Millions of AI agents are learning to reason, negotiate, and pounce on opportunity in less time than it takes your eyelid to twitch. They need money that moves just as fast. Traditional rails stall at banking hours, KYC bottlenecks, and fees that dwarf micro-revenues.
Most blockchains help a little, then choke when bots pile in. Sei (SEI) says its coming Giga upgrade will ditch the speed limit completely.
Analysts see agentic AI revenues exploding from five billion today to nearly two hundred billion by 2034. Nvidia’s (NVDA) Jensen Huang calls the prize “multi-trillion.” None of that value materializes if every trade needs a human button press.

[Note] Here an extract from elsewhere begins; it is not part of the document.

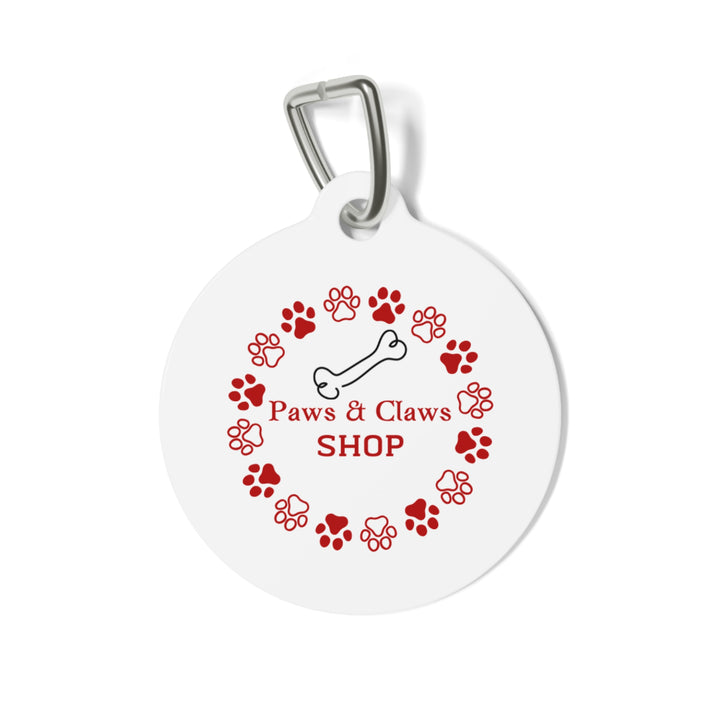 Pet Tag — Red Paw Print Name ID Tag (Paws & Claws Shop)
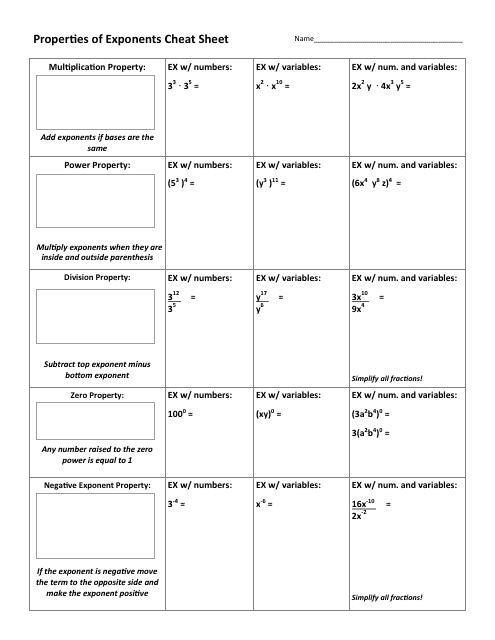 Properties of Exponents Worksheet With Answer Key Download Printable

AI agents must hold wallets, send micropayments, and settle debts without supervision. They also need settlement finality that beats the fastest rival algorithm. The chain that clears first wins the fees. Sei claims that chain.
Giga targets sub-400 ms finality with Twin Turbo consensus and parallel execution. Throughput climbs to five gigagas per block, enough for millions of transactions every second. Fees cost less than a sneeze, allowing bots to bill by the API call, stream royalties per millisecond, or bid for compute in real time.
Coinbase’s x402 spec already runs on Sei testnets, turning any HTTP endpoint into a pay-as-you-go vending machine. Speed unlocks new behavior.
A supply-chain agent can reroute containers the moment storms appear. A swarm of market makers can quote fifty venues at once, then hedge inventory before humans blink. Digital twins of wind farms can buy spare cloud time, crunch forecasts, and pay the invoice before the turbines rotate again.
None of that works on rails that stall at two-second blocks or five-cent gas.
Sei is not alone. Solana (SOL), Aptos (APT), and Layer-two rollups chase the same robots. What Sei owns today is a live network already tuned for high-frequency trading.
If Giga ships on schedule, the first generation of autonomous economic actors may sprint across its blocks. After that, regulators and tax collectors will scramble to keep up with the machines.